Setelah berada di balkon, Sandra dengan cepat menaiki pagar setelah menyimpan pistol yang sejak tadi digenggamnya ke dalam saku dress-nya. Ia tak punya pilihan selain melewati tepi dinding yang terlihat cukup menyeramkan dengan ketinggian yang pasti akan membuatnya mati bila sampai terjatuh. Namun, beruntungnya di sana terdapat sebuah besi sebagai pegangan Sandra untuk melewati tepi dinding yang hanya berukuran setapak.
"Ya Tuhan, aku takut sekali." Sandra dengan hati-hati terus menapaki tepian dinding itu sambil menggenggam erat besi yang menjadi satu-satunya tumpuannya untuk bertahan. Napas yang menderu dengan peluh pada dahinya semakin menegaskan bahwa saat itu Sandra benar-benar ketakutan akan situasi yang tengah dihadapinya. Terlebih di saat suara tembakan mulai terdengar dan diikuti oleh suara pintu yang terbuka secara paksa. Membuat wanita itu semakin mempercepat langkah kakinya.
"Alex, aku mohon hubungi aku secepatnya," batin Sandra penuh rasa takut, berharap agar suaminya menyadari bahwa ia tengah berada dalam bahaya.
Saat ini, jaraknya dengan balkon lainnya hanya menyisakan beberapa langkah lagi. Akan tetapi, sebelum wanita itu tiba kedua orang dengan pakaian serba hitam sudah melihat keberadaannya dan langsung memerintahkannya untuk berhenti sambil menyodorkan pistol yang digenggamnya.

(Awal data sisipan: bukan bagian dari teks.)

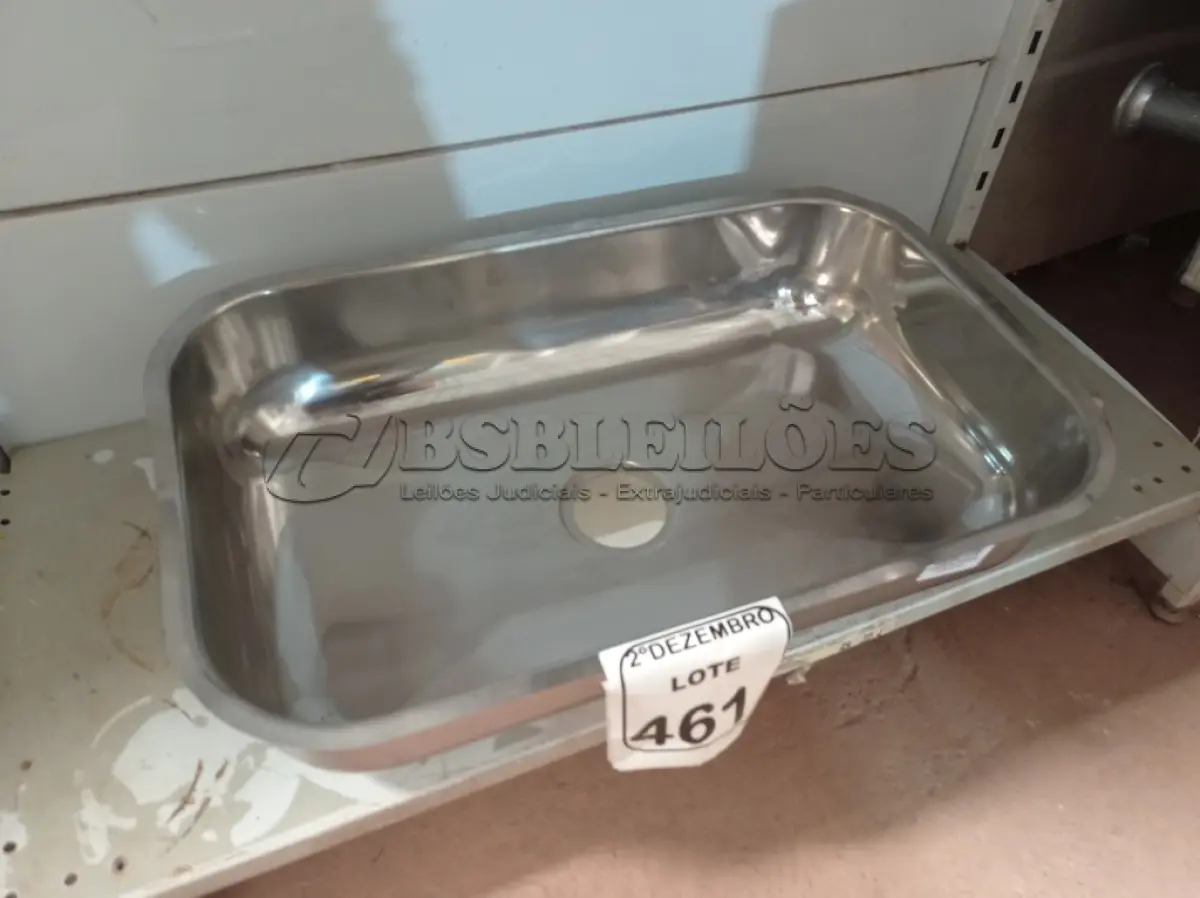 LOTE 461 - 01 CUBA INOX N2 ACO 430 3.1/2 56X34X14 MARCA FABRINOX(NOVO). (NO ESTADO) ATENÇÃO! FAZER A VISITAÇÃO ANTES DE ARREMATAR, NÃO SABEMOS SE FUNCIONA. LEILÃO NÃO TEM GARANTIA E NEM DEVOLUÇÃO, SUJEITO A POSSÍVEIS AVARIAS VISÍVEIS/OCULTAS E/OU AUSÊNCIA DE COMPONENTES.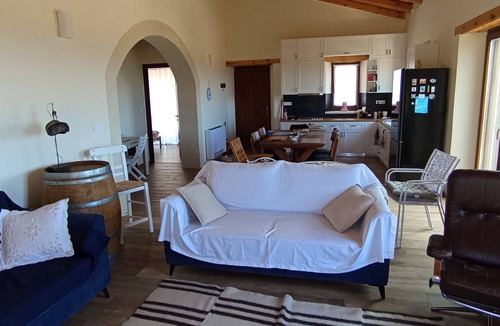 Akrotiri Villa | Spectacular villa with sea view,6min drive from Chania airport,near famous beach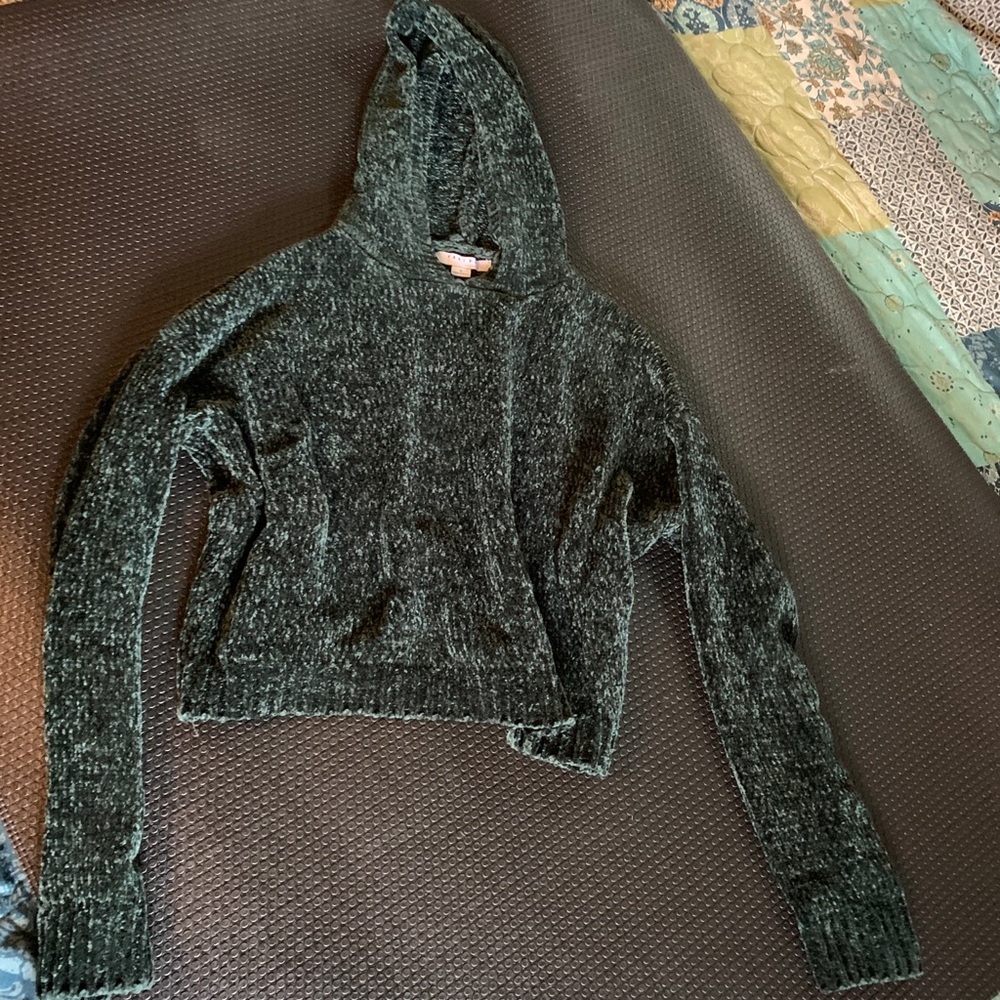 luxuriously soft cropped hooded sweater in green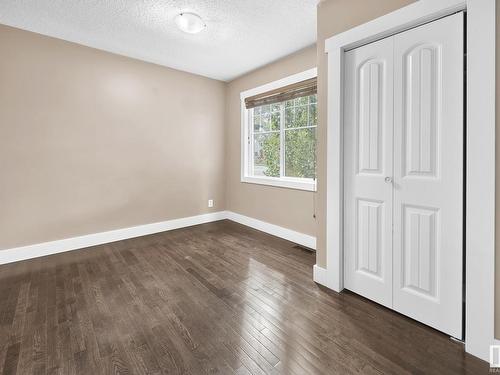 10930 65 Avenue, Edmonton, AB - Indoor Photo Showing Other Room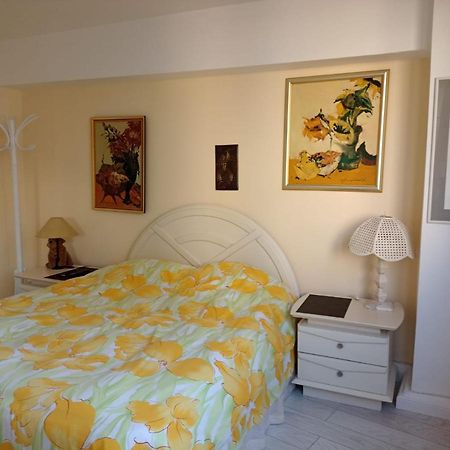 קלוז'-נאפוקה Two Bedroom Apartment Farmec מראה חיצוני תמונה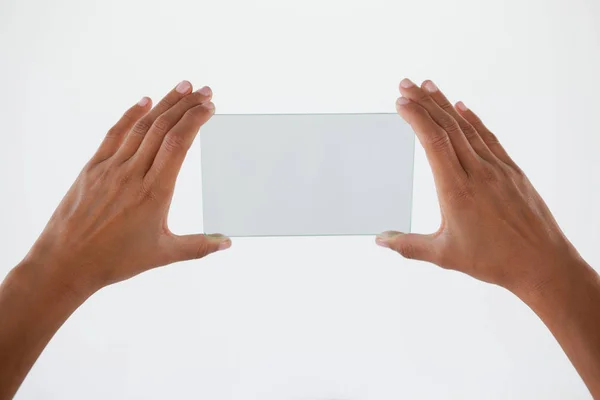 Main tenant smartphone en verre — Photo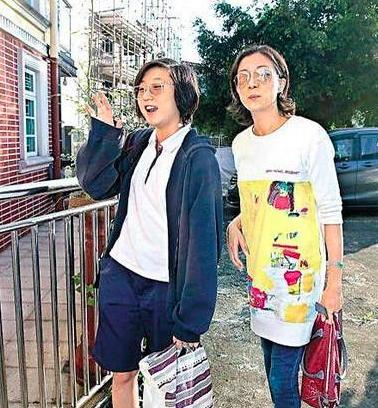 曾遭校園暴力，兩度割腕自殘現流浪街頭，成龍19歲女兒經歷了什麼?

"Cepat berhenti atau aku akan menembakmu!" titah seorang pria dengan suara beratnya.
Sandra pun tercekat. Langkahnya kini terhenti dengan pandangan yang mulai menatap takut wajah kedua pria yang sudah mengancamnya.
"Bagaimana ini? Apa yang harus aku lakukan? Ya Tuhan, Alex tolong aku," batin Sandra berharap sosok Alex saat ini ada dan melindunginya.